▸ **ACTION ITEM**
Starting at the line containing "Autumn Winter Long" and ending at the line containing "Schattige Witte Hangoor", print every line of the material below exactly, both ends included, and stop there.

▸ **DATA FOR THIS EXERCISE**
● ● ● ● ● ● ●
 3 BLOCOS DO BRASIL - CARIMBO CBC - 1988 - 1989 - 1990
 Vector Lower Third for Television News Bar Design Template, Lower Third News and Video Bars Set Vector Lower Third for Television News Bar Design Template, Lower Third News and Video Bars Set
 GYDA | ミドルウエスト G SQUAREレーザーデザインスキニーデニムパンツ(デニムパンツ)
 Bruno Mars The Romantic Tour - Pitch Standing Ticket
● ● ● ● ● ● ●
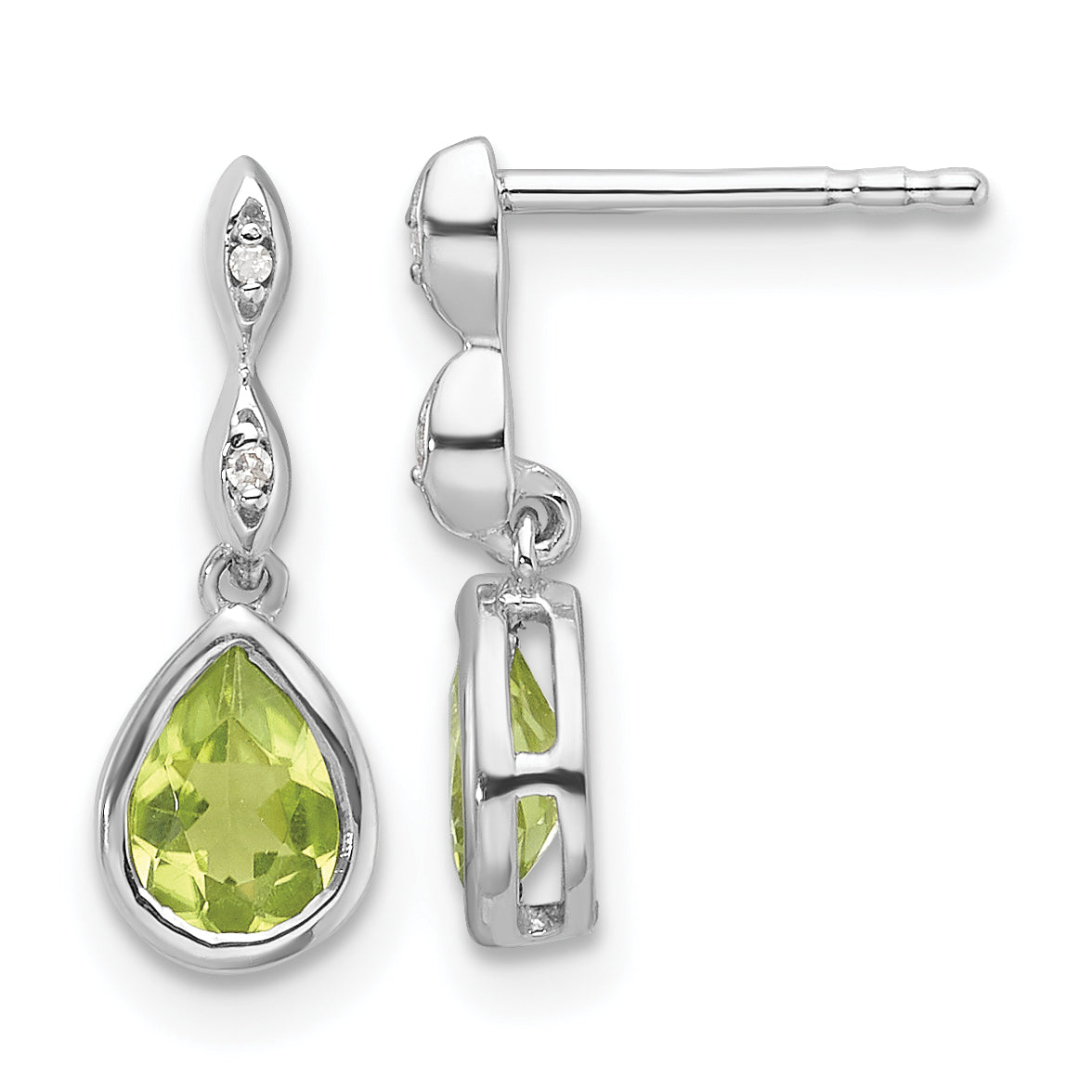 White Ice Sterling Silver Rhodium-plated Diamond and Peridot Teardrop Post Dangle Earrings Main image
● ● ● ● ● ● ●
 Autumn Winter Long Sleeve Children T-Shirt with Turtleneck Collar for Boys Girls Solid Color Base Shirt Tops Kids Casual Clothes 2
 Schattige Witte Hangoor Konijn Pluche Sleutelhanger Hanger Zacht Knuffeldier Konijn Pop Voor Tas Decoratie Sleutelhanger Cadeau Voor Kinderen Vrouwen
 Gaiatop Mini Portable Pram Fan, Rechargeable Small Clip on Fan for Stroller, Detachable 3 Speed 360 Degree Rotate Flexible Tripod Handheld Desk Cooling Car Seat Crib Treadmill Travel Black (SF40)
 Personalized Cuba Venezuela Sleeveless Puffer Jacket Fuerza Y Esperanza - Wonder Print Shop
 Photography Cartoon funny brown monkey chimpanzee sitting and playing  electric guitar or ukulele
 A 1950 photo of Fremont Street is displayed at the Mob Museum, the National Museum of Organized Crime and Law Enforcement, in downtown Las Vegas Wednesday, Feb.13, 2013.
● ● ● ● ● ● ●
▸ **RESULT**
 Autumn Winter Long Sleeve Children T-Shirt with Turtleneck Collar for Boys Girls Solid Color Base Shirt Tops Kids Casual Clothes 2
 Schattige Witte Hangoor Konijn Pluche Sleutelhanger Hanger Zacht Knuffeldier Konijn Pop Voor Tas Decoratie Sleutelhanger Cadeau Voor Kinderen Vrouwen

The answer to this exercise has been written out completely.